### [DATA TO USE]
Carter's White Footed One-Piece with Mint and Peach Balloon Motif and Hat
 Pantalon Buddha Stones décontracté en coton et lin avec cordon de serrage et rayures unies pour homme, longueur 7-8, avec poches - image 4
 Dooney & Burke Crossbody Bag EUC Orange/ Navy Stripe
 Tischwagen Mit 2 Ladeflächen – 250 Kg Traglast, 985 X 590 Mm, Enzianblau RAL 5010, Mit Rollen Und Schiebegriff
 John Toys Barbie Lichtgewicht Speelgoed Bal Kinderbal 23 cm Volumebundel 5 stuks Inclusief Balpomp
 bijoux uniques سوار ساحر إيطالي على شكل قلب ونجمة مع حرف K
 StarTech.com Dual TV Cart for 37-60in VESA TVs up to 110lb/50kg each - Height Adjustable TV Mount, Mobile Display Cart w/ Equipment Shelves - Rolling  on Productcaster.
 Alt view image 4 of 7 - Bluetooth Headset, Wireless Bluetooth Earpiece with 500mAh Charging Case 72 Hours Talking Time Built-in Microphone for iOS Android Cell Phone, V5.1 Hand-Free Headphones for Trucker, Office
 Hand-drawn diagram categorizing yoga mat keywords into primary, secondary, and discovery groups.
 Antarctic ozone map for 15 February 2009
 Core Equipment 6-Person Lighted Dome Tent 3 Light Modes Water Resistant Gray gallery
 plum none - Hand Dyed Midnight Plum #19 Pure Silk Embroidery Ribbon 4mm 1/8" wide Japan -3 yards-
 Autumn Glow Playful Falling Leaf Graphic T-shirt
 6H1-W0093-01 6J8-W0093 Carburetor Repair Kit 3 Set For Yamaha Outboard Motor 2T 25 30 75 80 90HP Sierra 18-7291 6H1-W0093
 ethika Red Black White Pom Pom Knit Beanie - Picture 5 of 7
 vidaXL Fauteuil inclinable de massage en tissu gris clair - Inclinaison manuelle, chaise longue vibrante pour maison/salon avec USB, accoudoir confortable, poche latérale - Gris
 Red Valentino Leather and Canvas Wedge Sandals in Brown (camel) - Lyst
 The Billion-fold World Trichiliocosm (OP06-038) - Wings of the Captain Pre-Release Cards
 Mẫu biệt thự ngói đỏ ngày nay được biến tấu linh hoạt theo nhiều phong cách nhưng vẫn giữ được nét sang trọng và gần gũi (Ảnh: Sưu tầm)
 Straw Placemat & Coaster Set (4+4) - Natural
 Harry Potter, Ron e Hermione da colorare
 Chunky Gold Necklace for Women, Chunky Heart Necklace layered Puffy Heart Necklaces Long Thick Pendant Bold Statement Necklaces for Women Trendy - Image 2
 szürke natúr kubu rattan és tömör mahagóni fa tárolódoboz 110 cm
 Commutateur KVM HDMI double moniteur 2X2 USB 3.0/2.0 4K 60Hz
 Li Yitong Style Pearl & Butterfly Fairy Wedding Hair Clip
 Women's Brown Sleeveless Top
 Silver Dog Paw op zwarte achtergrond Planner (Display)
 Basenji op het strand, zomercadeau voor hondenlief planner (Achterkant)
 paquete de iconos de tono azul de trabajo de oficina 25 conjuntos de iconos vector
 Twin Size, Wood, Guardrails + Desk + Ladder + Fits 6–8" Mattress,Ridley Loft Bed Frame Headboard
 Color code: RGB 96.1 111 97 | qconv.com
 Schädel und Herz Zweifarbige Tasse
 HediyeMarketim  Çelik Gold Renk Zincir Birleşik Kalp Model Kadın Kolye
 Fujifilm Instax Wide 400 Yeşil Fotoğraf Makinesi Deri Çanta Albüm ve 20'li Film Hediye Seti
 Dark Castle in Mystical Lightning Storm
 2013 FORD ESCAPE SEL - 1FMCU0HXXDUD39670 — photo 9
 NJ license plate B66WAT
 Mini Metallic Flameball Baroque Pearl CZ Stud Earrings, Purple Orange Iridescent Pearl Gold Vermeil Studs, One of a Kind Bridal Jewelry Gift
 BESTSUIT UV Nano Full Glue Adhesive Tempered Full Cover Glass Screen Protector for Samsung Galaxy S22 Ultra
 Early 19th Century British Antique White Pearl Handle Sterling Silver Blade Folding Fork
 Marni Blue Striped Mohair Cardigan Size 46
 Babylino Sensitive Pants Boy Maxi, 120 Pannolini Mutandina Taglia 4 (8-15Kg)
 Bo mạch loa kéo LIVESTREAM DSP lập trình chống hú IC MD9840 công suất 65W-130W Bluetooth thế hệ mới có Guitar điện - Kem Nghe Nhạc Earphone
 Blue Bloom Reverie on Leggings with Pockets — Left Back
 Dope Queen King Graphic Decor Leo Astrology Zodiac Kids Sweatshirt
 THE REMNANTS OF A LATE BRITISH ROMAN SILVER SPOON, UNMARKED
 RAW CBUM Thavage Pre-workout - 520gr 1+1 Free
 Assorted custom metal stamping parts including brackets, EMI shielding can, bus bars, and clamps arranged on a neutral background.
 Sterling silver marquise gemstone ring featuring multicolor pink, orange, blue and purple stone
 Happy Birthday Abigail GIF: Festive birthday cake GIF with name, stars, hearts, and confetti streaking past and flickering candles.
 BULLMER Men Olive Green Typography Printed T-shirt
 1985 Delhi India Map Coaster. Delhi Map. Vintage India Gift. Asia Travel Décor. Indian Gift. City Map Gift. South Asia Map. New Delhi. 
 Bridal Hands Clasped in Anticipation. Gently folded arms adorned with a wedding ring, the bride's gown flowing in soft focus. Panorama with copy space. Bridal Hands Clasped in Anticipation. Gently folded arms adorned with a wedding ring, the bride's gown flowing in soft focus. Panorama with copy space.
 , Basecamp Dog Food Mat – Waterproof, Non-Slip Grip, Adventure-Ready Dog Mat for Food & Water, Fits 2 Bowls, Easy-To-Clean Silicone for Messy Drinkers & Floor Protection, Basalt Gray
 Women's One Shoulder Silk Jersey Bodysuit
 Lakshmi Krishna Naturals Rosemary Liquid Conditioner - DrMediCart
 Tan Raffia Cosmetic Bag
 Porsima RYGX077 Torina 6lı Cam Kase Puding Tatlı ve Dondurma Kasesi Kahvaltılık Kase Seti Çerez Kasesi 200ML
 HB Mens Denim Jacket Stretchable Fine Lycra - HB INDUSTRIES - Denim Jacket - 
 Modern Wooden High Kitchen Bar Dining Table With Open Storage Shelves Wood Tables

### [THE TASK]
From the entries above, print the lines beginning at the one with "1985 Delhi India" and stopping after the one with "Lakshmi Krishna Naturals", exactly as written and with nothing else.

### [ANSWER AREA]
 1985 Delhi India Map Coaster. Delhi Map. Vintage India Gift. Asia Travel Décor. Indian Gift. City Map Gift. South Asia Map. New Delhi. 
 Bridal Hands Clasped in Anticipation. Gently folded arms adorned with a wedding ring, the bride's gown flowing in soft focus. Panorama with copy space. Bridal Hands Clasped in Anticipation. Gently folded arms adorned with a wedding ring, the bride's gown flowing in soft focus. Panorama with copy space.
 , Basecamp Dog Food Mat – Waterproof, Non-Slip Grip, Adventure-Ready Dog Mat for Food & Water, Fits 2 Bowls, Easy-To-Clean Silicone for Messy Drinkers & Floor Protection, Basalt Gray
 Women's One Shoulder Silk Jersey Bodysuit
 Lakshmi Krishna Naturals Rosemary Liquid Conditioner - DrMediCart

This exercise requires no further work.